▶ EXERCISE AIM
Restate word for word the lines below that run from the one holding "Michael Kors Men’s" through the one holding "Caneca dos terrier de Airedale (Direita)", inclusive. Pictures don't belong in the copy.

▶ INPUT MATERIAL
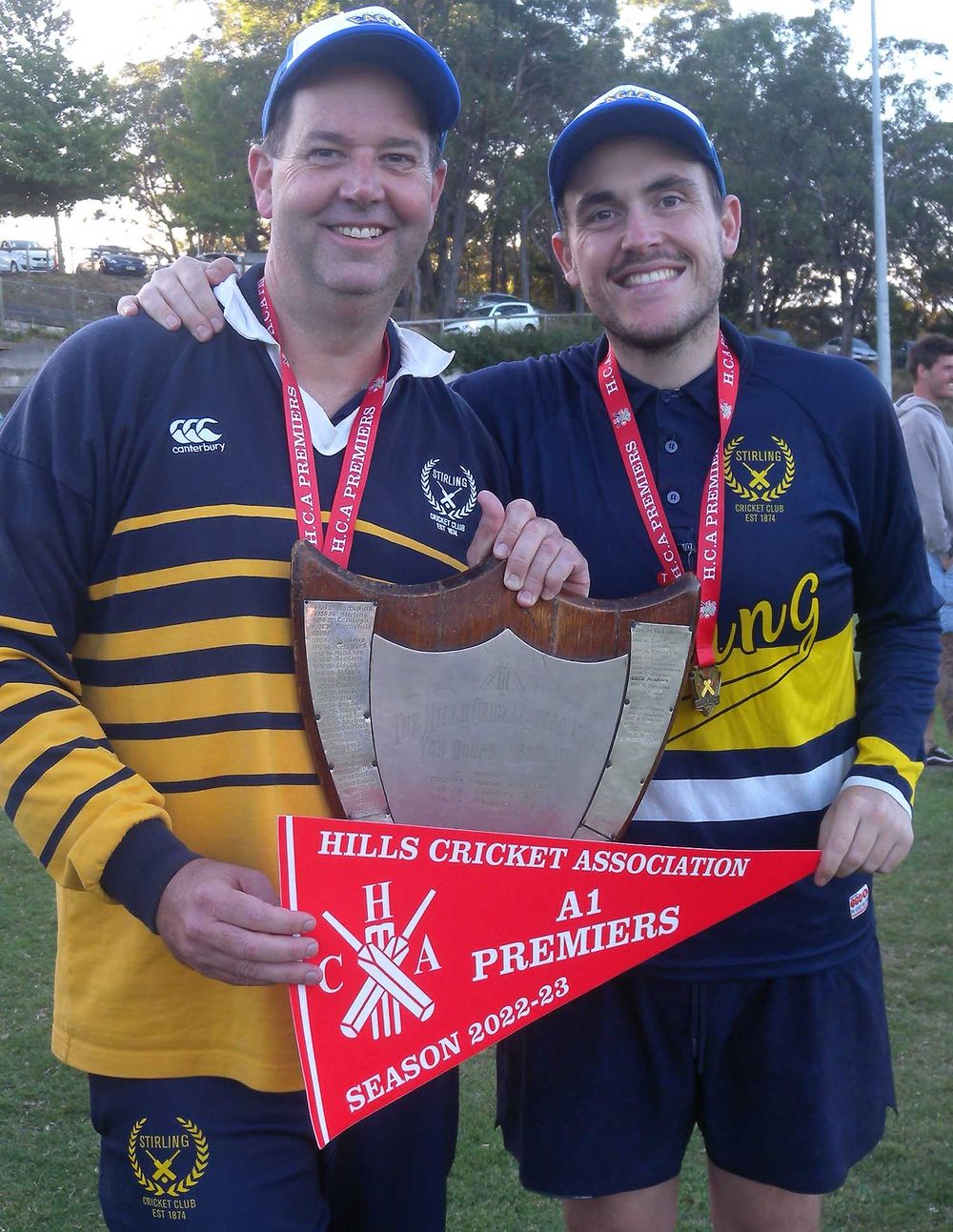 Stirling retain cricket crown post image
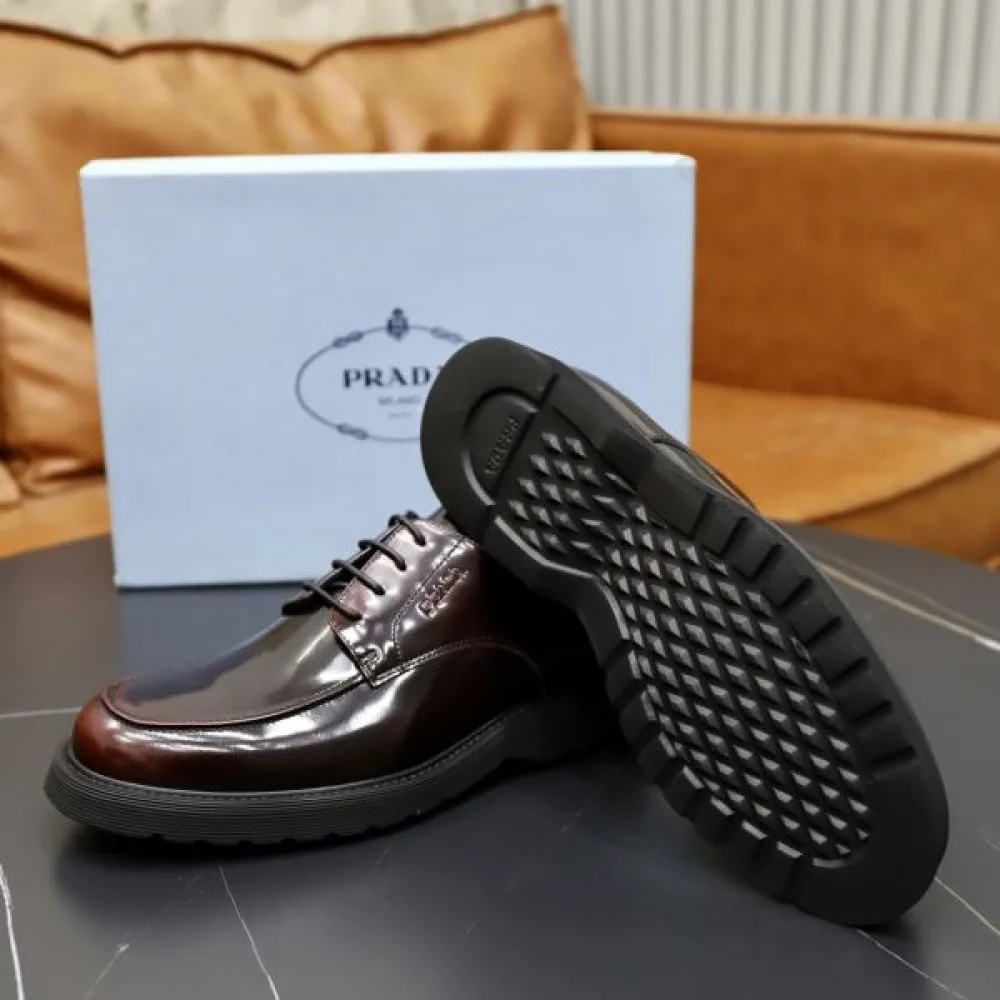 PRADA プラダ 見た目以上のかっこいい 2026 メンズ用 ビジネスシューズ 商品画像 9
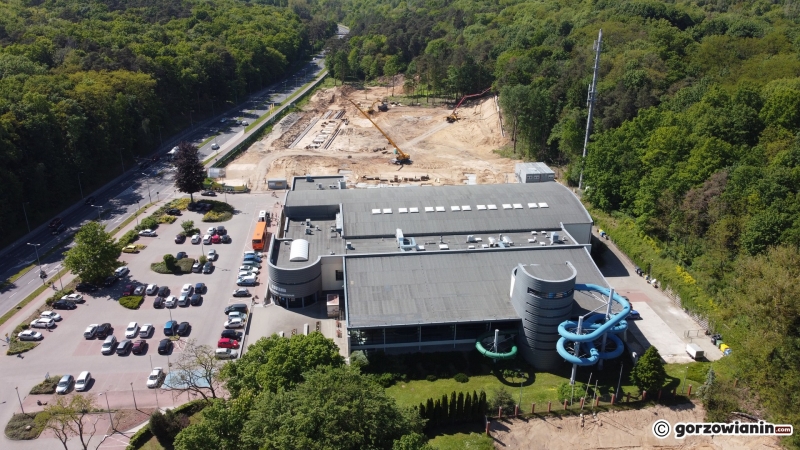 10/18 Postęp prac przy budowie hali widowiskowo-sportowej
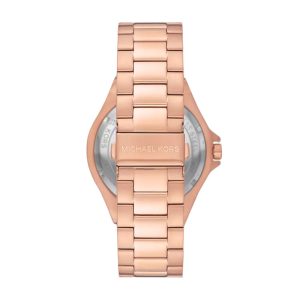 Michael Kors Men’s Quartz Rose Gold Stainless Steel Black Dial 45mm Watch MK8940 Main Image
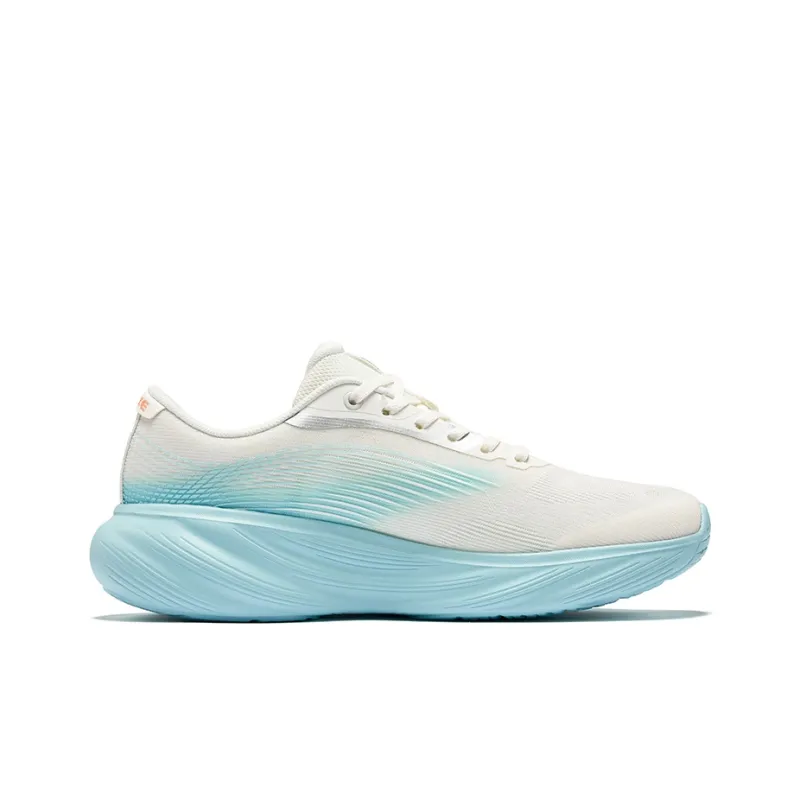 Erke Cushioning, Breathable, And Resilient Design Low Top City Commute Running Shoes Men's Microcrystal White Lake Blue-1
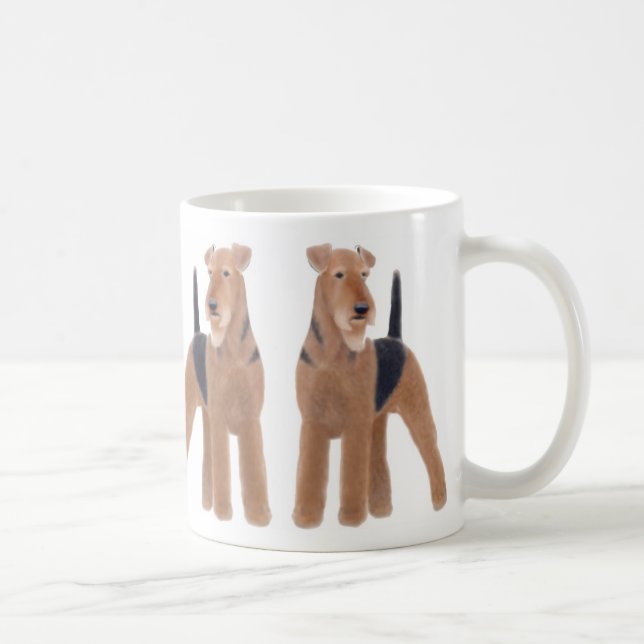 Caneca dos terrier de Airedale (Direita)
---
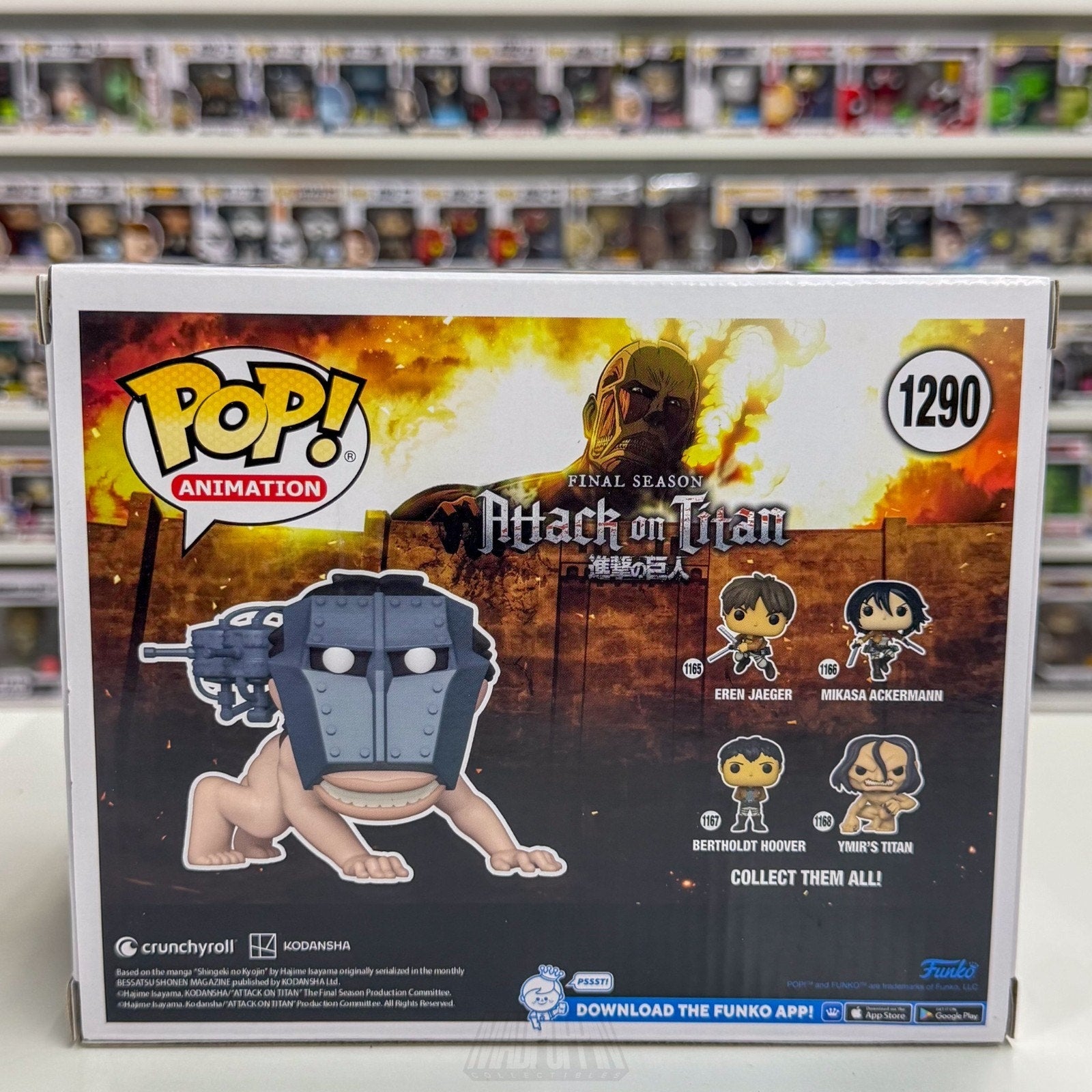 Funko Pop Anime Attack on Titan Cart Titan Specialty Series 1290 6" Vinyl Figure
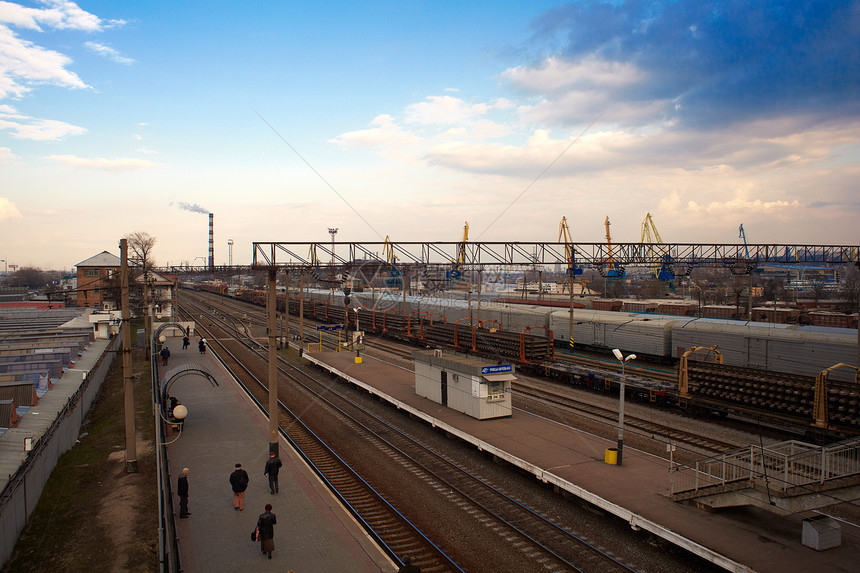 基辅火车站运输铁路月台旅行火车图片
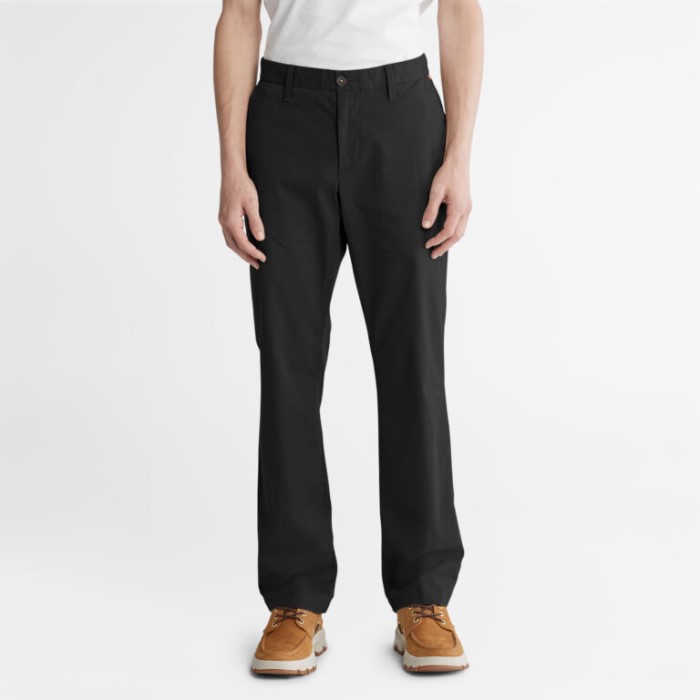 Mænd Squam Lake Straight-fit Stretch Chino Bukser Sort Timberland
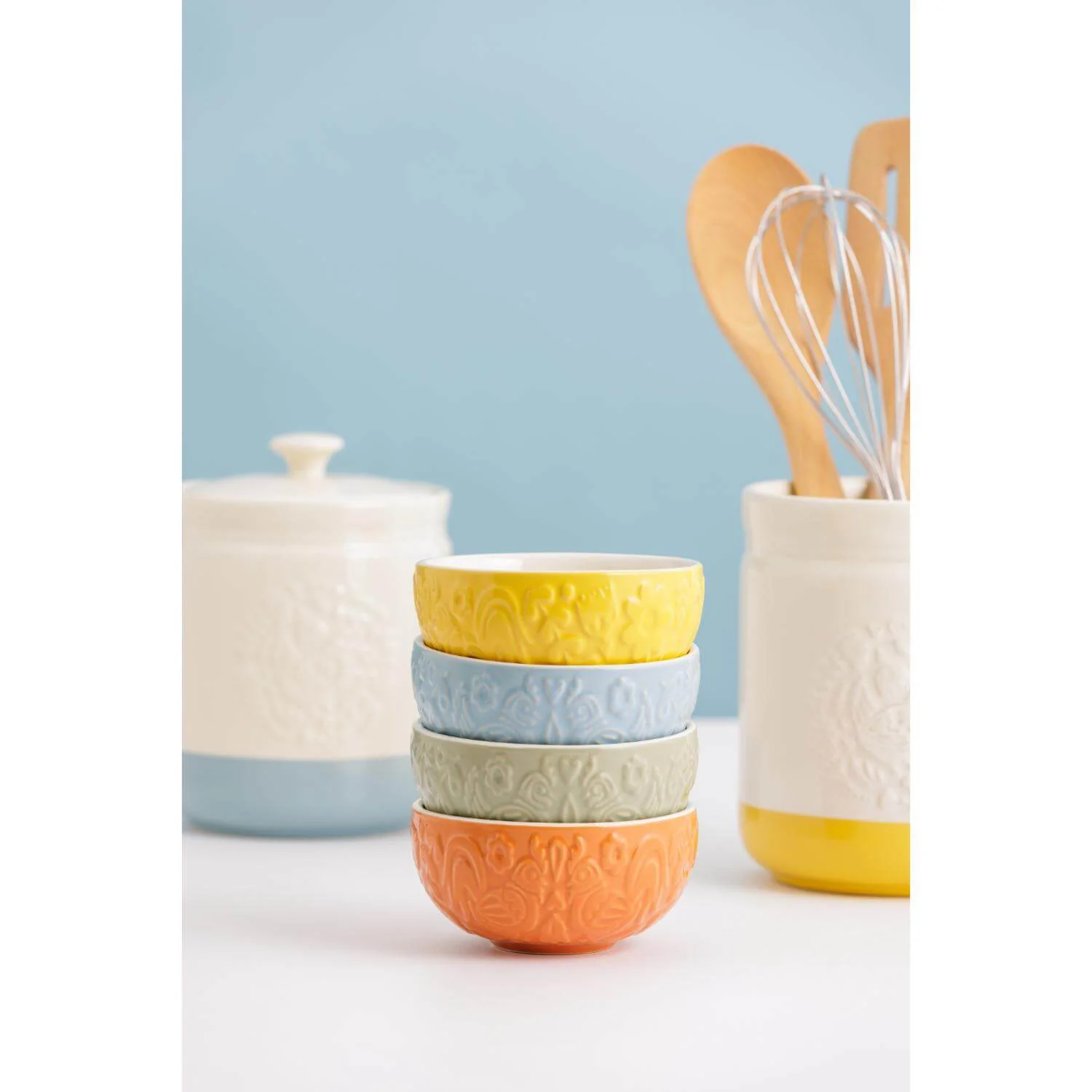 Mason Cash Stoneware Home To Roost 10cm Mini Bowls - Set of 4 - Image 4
==
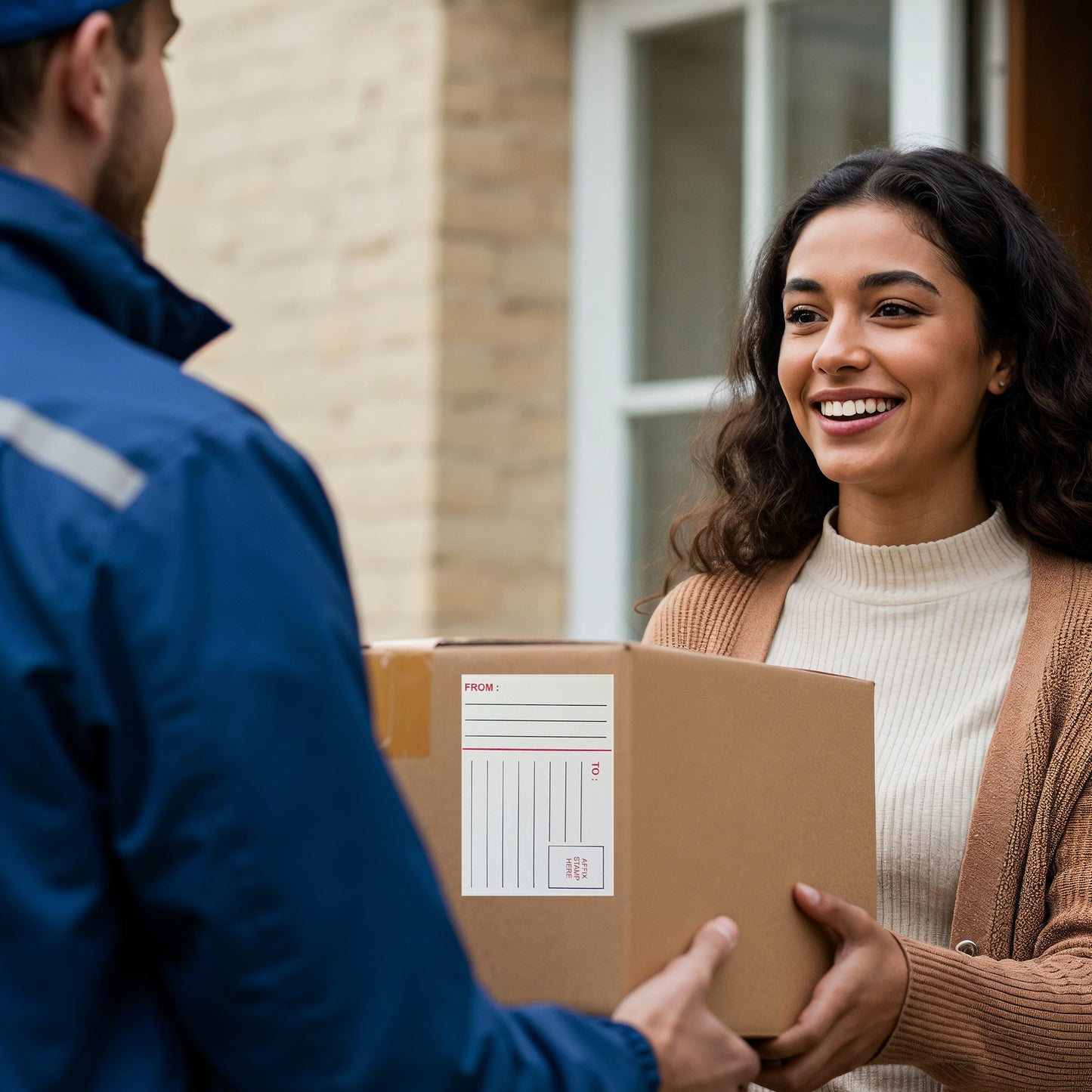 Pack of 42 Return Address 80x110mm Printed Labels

▶ RESULT FOR THIS EXERCISE
 Michael Kors Men’s Quartz Rose Gold Stainless Steel Black Dial 45mm Watch MK8940 Main Image
 Erke Cushioning, Breathable, And Resilient Design Low Top City Commute Running Shoes Men's Microcrystal White Lake Blue-1
 Caneca dos terrier de Airedale (Direita)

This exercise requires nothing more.